__Exercise input__:
-- -- --
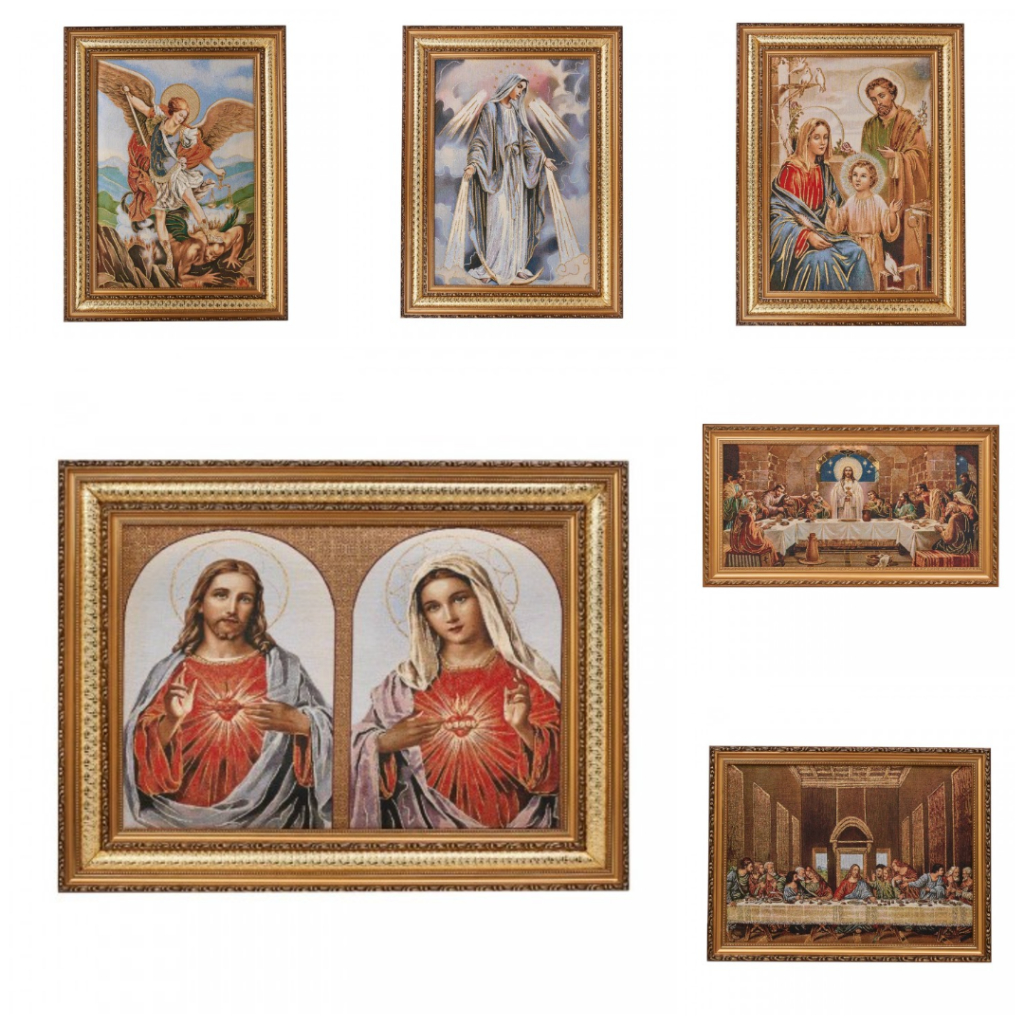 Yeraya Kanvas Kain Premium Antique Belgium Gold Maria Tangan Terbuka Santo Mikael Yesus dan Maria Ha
-- -- --
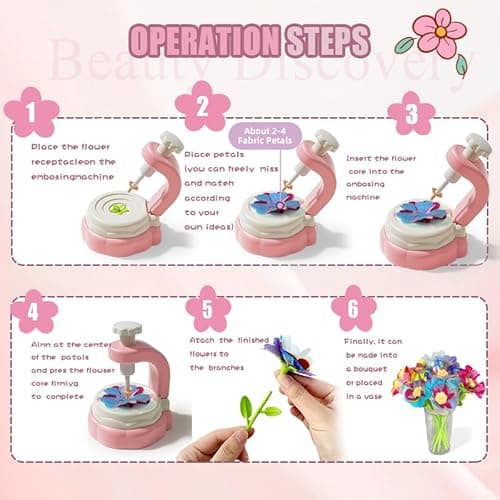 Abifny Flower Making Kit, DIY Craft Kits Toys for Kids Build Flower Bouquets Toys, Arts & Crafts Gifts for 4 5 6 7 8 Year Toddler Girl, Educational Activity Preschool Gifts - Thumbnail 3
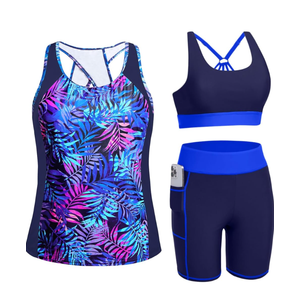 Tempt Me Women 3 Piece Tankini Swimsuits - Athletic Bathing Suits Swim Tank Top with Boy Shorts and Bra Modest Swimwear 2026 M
-- -- --
__Exercise details__: Beginning at the line above that contains "Abifny Flower Making", repeat each line exactly through the one that contains "Tempt Me Women", and leave out the pictures.

__Written reply__:
 Abifny Flower Making Kit, DIY Craft Kits Toys for Kids Build Flower Bouquets Toys, Arts & Crafts Gifts for 4 5 6 7 8 Year Toddler Girl, Educational Activity Preschool Gifts - Thumbnail 3
 Tempt Me Women 3 Piece Tankini Swimsuits - Athletic Bathing Suits Swim Tank Top with Boy Shorts and Bra Modest Swimwear 2026 M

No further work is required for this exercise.